[EXERCISE DATA Boundary: Start]
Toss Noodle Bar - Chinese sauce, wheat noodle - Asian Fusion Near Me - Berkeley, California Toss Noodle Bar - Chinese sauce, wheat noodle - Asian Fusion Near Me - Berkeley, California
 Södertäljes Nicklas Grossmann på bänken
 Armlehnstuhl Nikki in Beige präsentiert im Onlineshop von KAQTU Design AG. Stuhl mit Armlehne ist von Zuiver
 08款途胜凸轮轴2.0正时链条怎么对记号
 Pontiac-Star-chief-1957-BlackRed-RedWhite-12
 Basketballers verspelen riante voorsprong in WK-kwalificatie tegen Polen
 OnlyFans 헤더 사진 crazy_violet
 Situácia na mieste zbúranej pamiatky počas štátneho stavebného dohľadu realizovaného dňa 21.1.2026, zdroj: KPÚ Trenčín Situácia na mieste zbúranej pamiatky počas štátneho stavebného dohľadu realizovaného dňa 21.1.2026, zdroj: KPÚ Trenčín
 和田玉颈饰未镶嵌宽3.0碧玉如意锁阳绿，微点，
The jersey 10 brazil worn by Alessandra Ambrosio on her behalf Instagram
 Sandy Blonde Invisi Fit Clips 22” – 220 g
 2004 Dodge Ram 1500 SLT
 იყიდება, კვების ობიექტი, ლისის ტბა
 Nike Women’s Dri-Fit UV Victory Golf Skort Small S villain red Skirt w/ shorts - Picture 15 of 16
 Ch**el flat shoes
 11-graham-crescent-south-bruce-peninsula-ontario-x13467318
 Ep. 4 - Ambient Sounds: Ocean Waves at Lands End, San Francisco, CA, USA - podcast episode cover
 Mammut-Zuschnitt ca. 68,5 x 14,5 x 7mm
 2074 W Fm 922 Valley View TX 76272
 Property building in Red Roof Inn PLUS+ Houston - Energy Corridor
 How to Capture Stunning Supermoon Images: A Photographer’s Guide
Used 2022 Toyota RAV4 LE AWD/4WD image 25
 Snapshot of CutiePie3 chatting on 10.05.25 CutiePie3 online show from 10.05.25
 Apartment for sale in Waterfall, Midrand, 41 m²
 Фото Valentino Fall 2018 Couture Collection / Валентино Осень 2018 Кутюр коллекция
[EXERCISE DATA Boundary: End]
REQUIREMENT: Every one of the entries must be printed exactly.

RESULT OF THIS EXERCISE:
Toss Noodle Bar - Chinese sauce, wheat noodle - Asian Fusion Near Me - Berkeley, California Toss Noodle Bar - Chinese sauce, wheat noodle - Asian Fusion Near Me - Berkeley, California
 Södertäljes Nicklas Grossmann på bänken
 Armlehnstuhl Nikki in Beige präsentiert im Onlineshop von KAQTU Design AG. Stuhl mit Armlehne ist von Zuiver
 08款途胜凸轮轴2.0正时链条怎么对记号
 Pontiac-Star-chief-1957-BlackRed-RedWhite-12
 Basketballers verspelen riante voorsprong in WK-kwalificatie tegen Polen
 OnlyFans 헤더 사진 crazy_violet
 Situácia na mieste zbúranej pamiatky počas štátneho stavebného dohľadu realizovaného dňa 21.1.2026, zdroj: KPÚ Trenčín Situácia na mieste zbúranej pamiatky počas štátneho stavebného dohľadu realizovaného dňa 21.1.2026, zdroj: KPÚ Trenčín
 和田玉颈饰未镶嵌宽3.0碧玉如意锁阳绿，微点，
The jersey 10 brazil worn by Alessandra Ambrosio on her behalf Instagram
 Sandy Blonde Invisi Fit Clips 22” – 220 g
 2004 Dodge Ram 1500 SLT
 იყიდება, კვების ობიექტი, ლისის ტბა
 Nike Women’s Dri-Fit UV Victory Golf Skort Small S villain red Skirt w/ shorts - Picture 15 of 16
 Ch**el flat shoes
 11-graham-crescent-south-bruce-peninsula-ontario-x13467318
 Ep. 4 - Ambient Sounds: Ocean Waves at Lands End, San Francisco, CA, USA - podcast episode cover
 Mammut-Zuschnitt ca. 68,5 x 14,5 x 7mm
 2074 W Fm 922 Valley View TX 76272
 Property building in Red Roof Inn PLUS+ Houston - Energy Corridor
 How to Capture Stunning Supermoon Images: A Photographer’s Guide
Used 2022 Toyota RAV4 LE AWD/4WD image 25
 Snapshot of CutiePie3 chatting on 10.05.25 CutiePie3 online show from 10.05.25
 Apartment for sale in Waterfall, Midrand, 41 m²
 Фото Valentino Fall 2018 Couture Collection / Валентино Осень 2018 Кутюр коллекция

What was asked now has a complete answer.